An orphaned teenager lives with her uncle. Then the uncle loses his job and says he doesn’t have enough money to feed her. She must leave.
Another teenage girl misses so many classes due to homelessness that she basically drops out of school. Yet she needs a place to sleep and considers the area around school relatively safe, so she spends nights under the outdoor lunch tables.
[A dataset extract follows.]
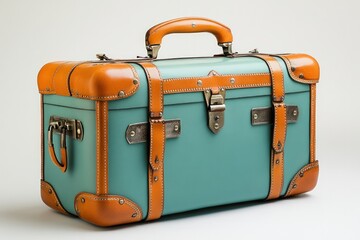 Teal vintage suitcase; leather-bound, brass hardware.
When she one day goes back to class, her teacher yells at her for wearing dirty clothes.
New Haven’s premier agencies addressing homelessness — Youth Continuum and Columbus House — now will have more tools to address such difficult situations facing homeless young people, defined as 18 to 24 years old.
The two agencies are beneficiaries of large hunks of $6.5 million in new grant money awarded to Connecticut by the federal Department of Housing and Urban Development’s (HUD) Youth Homelessness Demonstration Program. Connecticut’s $6.5 million was the largest grant to any state.
U.S. Sen. Richard Blumenthal came bearing that good news to a press conference convened at Columbus House on Ella Grasso Boulevard mid-afternoon on Friday.
Many of the city’s and state’s homeless kids are LGBTQ or are pregnant or teen parents. They don’t feel comfortable being placed for temporary assistance in the older and often chronically sicker populations in the mens and women’s shelters. So early interventions pay off.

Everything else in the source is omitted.